So wie praktisch alle anderen auch. Mathieu van der Poel rollt auf seinem strahlend weißen Rad an uns vorbei auf dem Weg in den Eliteblock, der als Erstes startet. Danach folgen im Abstand von wenigen Minuten die Amateure in ihren Altersklassen. Alle fahren die gleiche Strecke, die gleiche Distanz – mehr Vergleich mit den Pros geht nicht. Als mein Block dran ist, schießt mir sofort das Adrenalin durch die Blutbahn. Nach 400 Metern geht’s mit Speed auf einen schmalen Weg hinab zum Kanal, doch anders als befürchtet landet keiner von uns im Wasser. Über Kopfsteinpflaster und Feldwege jagen wir dahin, und ganz hinten am Horizont sehe ich die Spitze meiner Altersklasse. Das Peloton ist schon nach wenigen Kilometern extrem lang gezogen und ich bin viel zu weit hinten. Dort tun sich bereits erste Löcher auf, mal weil einer die Kurve nicht kriegt, mal weil das Tempo einfach zu hoch ist. Ich spurte vorbei, ans nächste Hinterrad und irgendwie weiter nach vorne. Der Puls hämmert bereits an meinen Schläfen, aber die Beine sind gut, also weiter – bis wir auf einem Wiesenweg plötzlich alle wegrutschen.
Im Schatten von Maisfeldern hat sich ein Schlammloch gebildet, das kaum jemand fahrend durchquert. Ausklicken, rennen, wieder aufspringen, weiter. Über Schotterwege, Schlaglochpisten, Betonplatten, Waldwege und natürlich grobes belgisches Kopfsteinpflaster. Haarscharf an Pollern vorbei, an der Kante von Betonrinnen, durch Pfützen, im Bunnyhop über riesige Schottersteine. Immer Vollgas, immer auf der letzten Rille.
So geht das jetzt schon anderthalb Stunden und so langsam spüre ich erste Verschleißerscheinungen: Der untere Rücken schmerzt von den Schlägen, Beine und Lunge brennen von den Antritten. Da kommt der erwähnte Stau vor dem Singletrail gar nicht so ungelegen. Als es endlich weitergeht, fällt mir anhand der Startnummern auf, wie bunt gemischt unser Pulk inzwischen ist, viele vor uns gestartete Gruppen haben wir bereits aufgefahren. Niemand weiß mehr, wie er im Rennen liegt. So herrscht in den Wäldern von Brabant ein ständiger Kampf um Positionen, sehr zur Freude des radsportbegeisterten Publikums am Streckenrand. Mehr als 150.000 Zuschauer zählt der Veranstalter entlang der Strecke. Manche sagen, mehr als eine Woche zuvor bei der Straßen-WM in Zürich. Mit viel Gebrüll, wilden Anfeuerungen, sogar La-Ola-Wellen und lauter Partymusik werden wir die Anstiege hochgepeitscht – viel lauter kann es vorne bei den Profis auch nicht gewesen sein.
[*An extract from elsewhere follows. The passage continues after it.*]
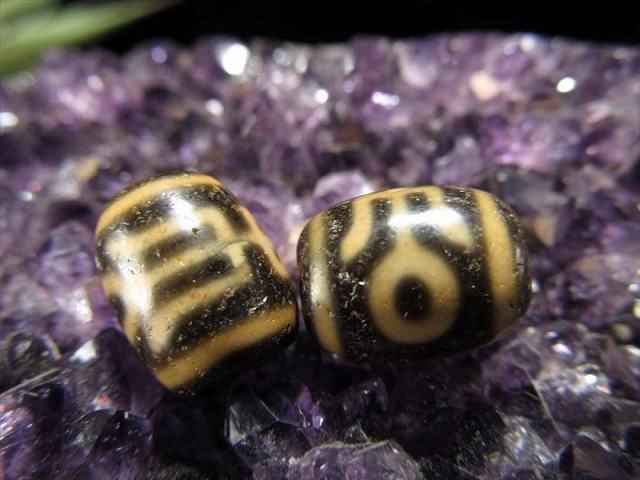 ミニ天珠 大人天珠(だいじんてんじゅ) 全長約12mm前後 1個売り 大人気サイズ限定入荷 チベット発祥の厄除け・開運お守り ころんと可愛いミニ天珠 弱気克服・勇気旺盛・度量増大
Die Atmosphäre gleicht einem belgischen Frühjahrklassiker und sie verleitet mich, noch mehr draufzudrücken. Als wir das erste Mal durch den Zielort Leuven jagen, bekomme ich Gänsehaut. Jubel und lautes Geklopfe auf die Werbebanden begleitet unsere Hatz durch das historische Zentrum, ehe wir über einen spiralförmigen Radweg und dann einmal quer durch den Bahnhof jagen. In der Verpflegungszone direkt danach suche ich vergeblich nach meinen Freunden, genauso wie schon in der Zone zuvor.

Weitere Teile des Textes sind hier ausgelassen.